● Your task: An exact copy of the lines from the top of the data through the line with "14382 Sedwick Avenue photo 81" is what you should give, with no pictures in it.

** Exercise input follows **

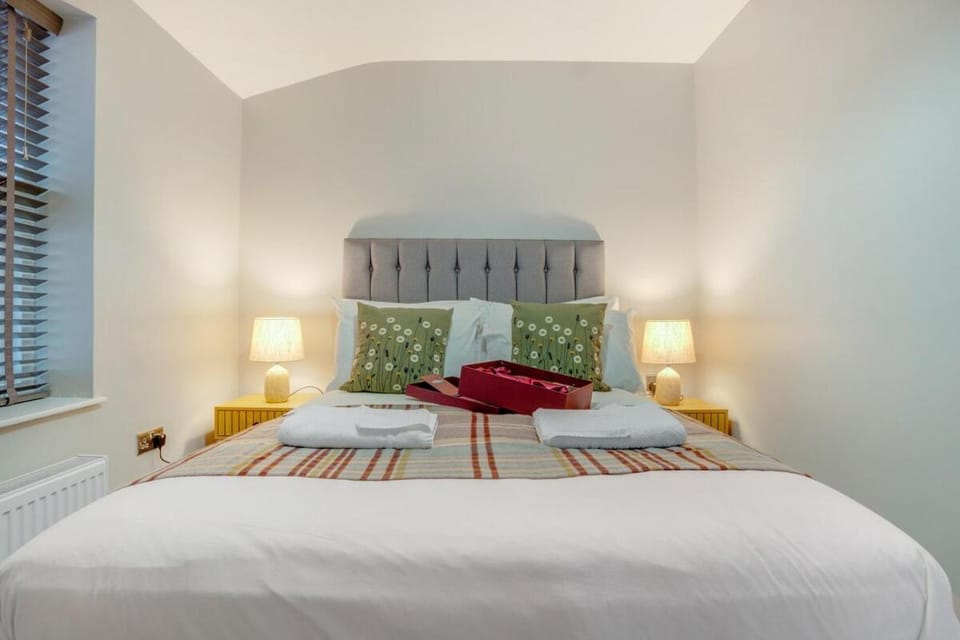 1BR Apartment 2 Mins to Station By Stay With Us Apartment in Hartlepool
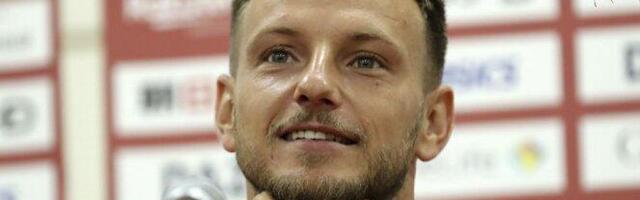 HRVATI SE SPRDAJU! Rakitić bi da plati mesec dana odmora Lukakuu!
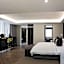 Seven Villa Hotel & Spa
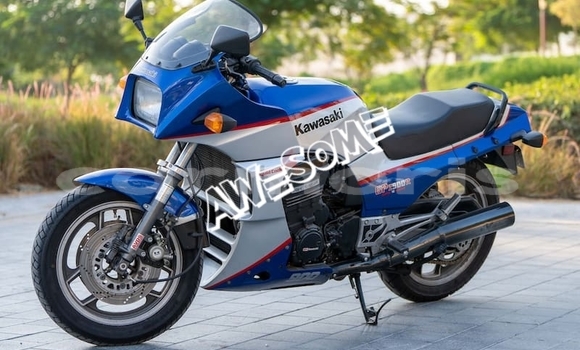 Acheter Occasion Moto Kawasaki GPZ Bleu à Port Louis, Port Louis District Acheter Occasion Moto Kawasaki GPZ Bleu à Port Louis, Port Louis District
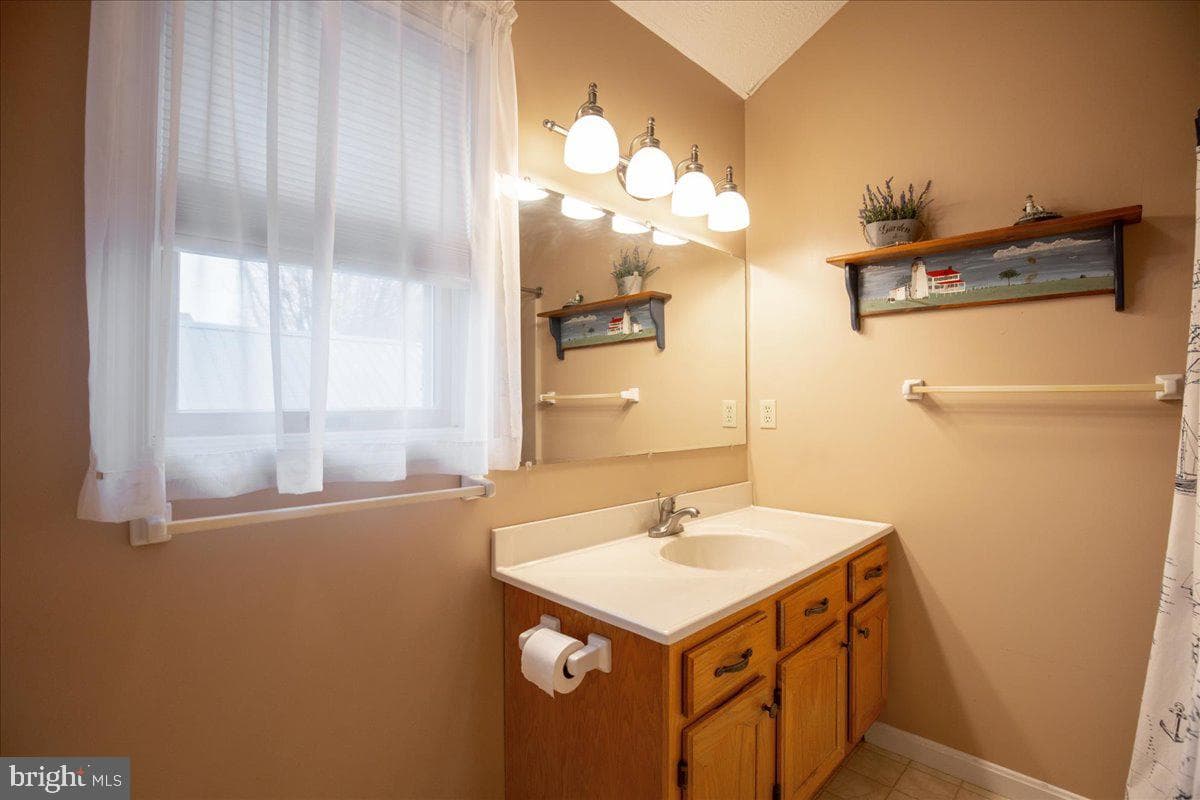 14382 Sedwick Avenue photo 81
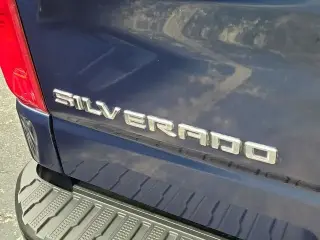 Chevrolet Silverado 1500 2020 4x2 LT 4 puertas Cabina Crew 5.8 ft. SB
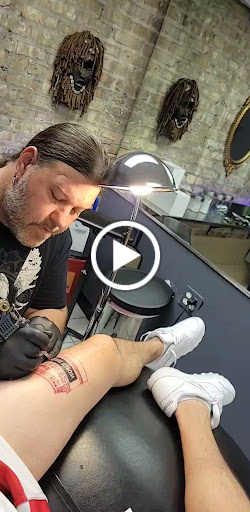 Tattoo Shop «Meridian Line Tattoo Studio», reviews and photos, 6906 Roosevelt Rd # B, Oak Park, IL 60304, USA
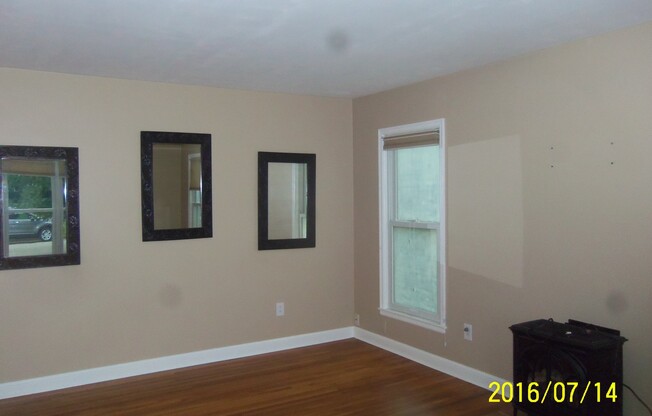 2 beds, 1 bath, $1,300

** End of Exercise input **

● Solution to this problem:
 1BR Apartment 2 Mins to Station By Stay With Us Apartment in Hartlepool
 HRVATI SE SPRDAJU! Rakitić bi da plati mesec dana odmora Lukakuu!
 Seven Villa Hotel & Spa
 Acheter Occasion Moto Kawasaki GPZ Bleu à Port Louis, Port Louis District Acheter Occasion Moto Kawasaki GPZ Bleu à Port Louis, Port Louis District
 14382 Sedwick Avenue photo 81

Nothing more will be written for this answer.